Vent
Le ciel étend sa soie bleu pastel au-dessus de la plaine. Le vent n'a pas osé apporter le moindre nuage rebelle pour la troubler. Le jour s'est levé mais le soleil fait son timide, et se cache derrière l'orée de la forêt de pins noirs. Comme moi.
Je me cache parce qu'elle serait fâchée si elle savait que je la suis tous les matins. Heureusement, ce n'est pas compliqué. Il suffit de s'allonger par terre et les herbes hautes peuvent dissimuler n'importe qui. La rosée imprègne mes vêtements de son parfum de vent et d'étoiles. J'ai un peu froid. J'ai pris le raccourci ce matin pour arriver avant elle. J'espère qu'elle va se dépêcher, je ne voudrais pas m'enrhumer.

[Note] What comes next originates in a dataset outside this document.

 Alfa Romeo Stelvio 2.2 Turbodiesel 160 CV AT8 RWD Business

Elle est là. Pieds nus, comme toujours, avec sa robe de voiles blancs qui cache ses poignets et ses chevilles. Avec sa peau brune, avec ses cheveux bruns, avec ses yeux bruns, elle ressemble à un arbre couvert de givre. Mais c'est le printemps et la rosée s'évapore - j'espère qu'elle ne va pas glisser. Elle jette un coup d'œil autour d'elle, des fois que quelqu'un l'espionnerait. Ça arrive parfois. Mais ils ne sont pas aussi doués que moi.

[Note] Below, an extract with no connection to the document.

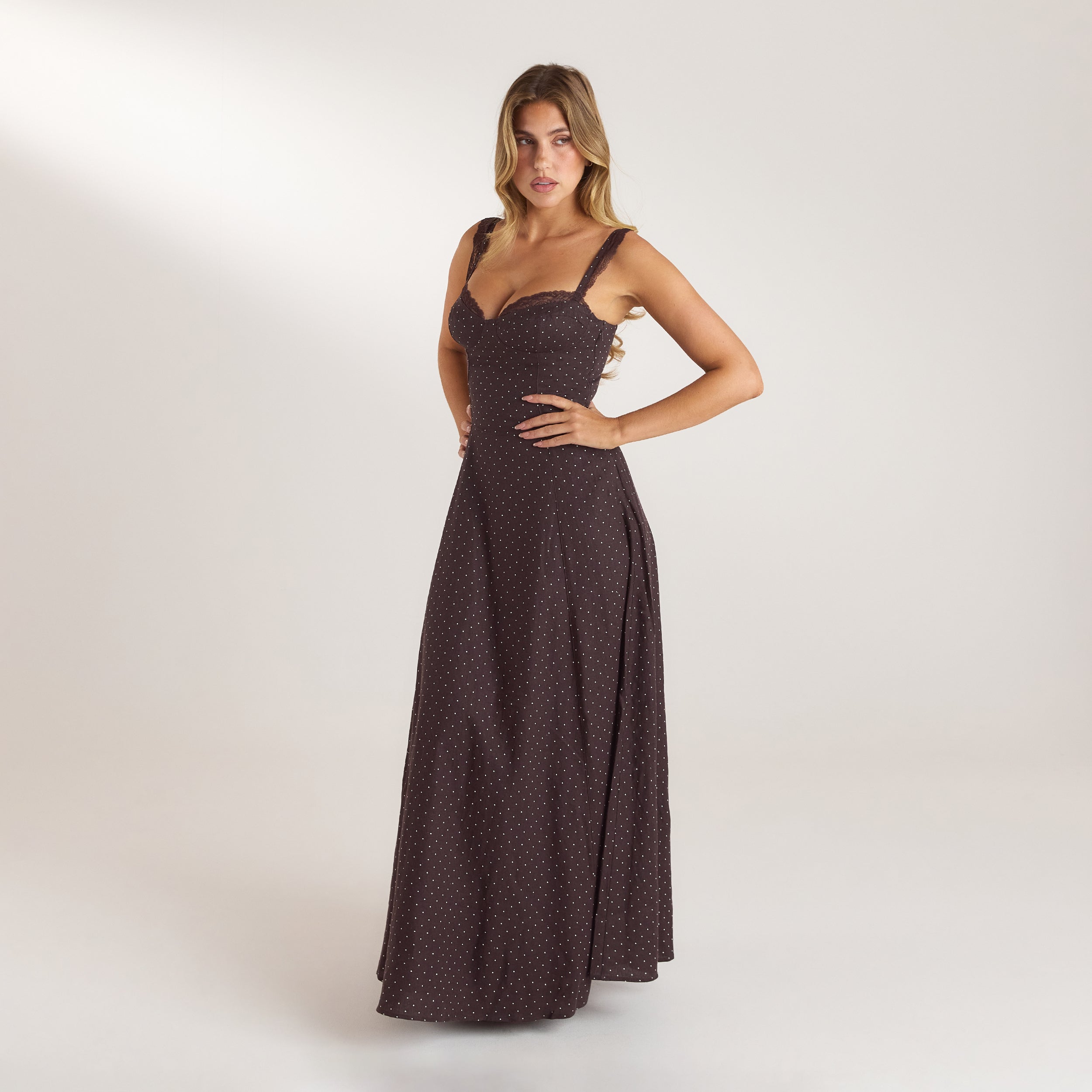 Maxikleid mit Spitzenbesatz | Maxikleid mit Spitzenbesatz - Schokolade mit Punkten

Ça commence. Elle lève un pied, le repose, tord un bras au-dessus de sa tête, tend l'autre vers la forêt. Elle danse.
J'écarquille les yeux tout grands pour ne rien perdre de la grâce de ses gestes, de la légèreté de ses sauts, du bonheur sur son visage aux yeux clos. Elle danse.
Elle tend son corps comme une des cordes de sa guitare, vibrant au rythme d'une mélodie qu'elle invente au fur et à mesure. Je sais que lorsqu'elle rentrera, elle attrapera son instrument pour gratter quelques accords, ceux sur lesquels elle vient de se laisser porter. Mais pour l'instant, elle danse.
Elle se dresse sur ses paumes, les pieds vers le ciel. Quelques pans de tissu retombent sur ses hanches. Les herbes hautes chatouillent son front. J'adore cette pose et l'expression qu'elle arbore à chaque fois, comme un défi lancé à la gravité ("Fais-moi tomber si tu peux !"). Elle cambre le dos, bascule les jambes et hop ! retombe en posture de pont, la tête renversée. Une poussée des mains et elle est debout. Je réprime un frisson en la voyant glisser ses doigts dans ses manches. Deux poignards à la lame doublement courbée sont sanglés contre ses avant-bras. Ils sont si brillants qu'ils reflètent le soleil en taches de lumière aux alentours. Elle danse toujours avec.
Hier, elle s'est blessée en les tirant. En équilibre sur la pointe d'un pied, l'autre jambe pliée jusqu'à frôler ses cheveux du bout des orteils, elle avait levé les bras en couronne. La lame avait fendu la peau de son avant-bras droit. Sang rouge sur métal argenté. Sous la surprise et la douleur, elle avait écarquillé les yeux avant de perdre l'équilibre. Elle était restée longtemps à terre, si longtemps que je m'étais demandé si je ne devais pas intervenir. Puis elle s'était relevée. À chaque mouvement, le sang voltigeait en gouttelettes autour d'elle en tachant sa peau et sa robe blanche. Rien ne l'aurait empêché de danser.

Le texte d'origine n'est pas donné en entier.